Alfred Hitchcock Presents, S1E5: "Into Thin Air"(a.k.a "The Vanishing Lady")

Hitchcockian déjà vu.

“Into Thin Air” is an oft-told tale. Hitchcock himself, as he candidly admits in the opener, already told it at feature length in the frothy, superbly entertaining The Lady Vanishes.

This isn’t as good as that, in part because this is kind of complex problem-solving story benefits from a longer runtime than Alfred Hitchcock Presents can provide: it needs time to lay unobtrusive groundwork full of details both the audience and the characters will later need as proof. “Into Thin Air,” with only half an hour at its disposal, can’t help rushing things. It has to signpost a little too much. But within that framework, it’s solid and well-executed.

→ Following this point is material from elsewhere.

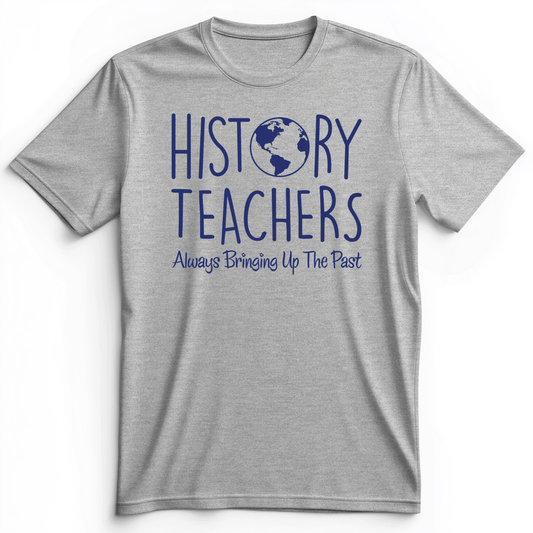History Teachers Always Bringing Up The Past Premium Tee Athletic Heather / S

A young Englishwoman, Diana Winthrop (Pat Hitchcock1), arrives in Paris with her mother (Mary Forbes). Diana is cheerful and excited about their holiday—when the world-famous Exposition is about to begin, no less—but she’s worried about her mother, who suddenly fell ill on the last leg of their trip. Pat Hitchcock is endearing in the lead role, and she plays Diana as so earnest and direct that she almost justifies the script’s insistence on having her explicitly draw attention to bits of set dressing, like an ormolu clock, that will come back later.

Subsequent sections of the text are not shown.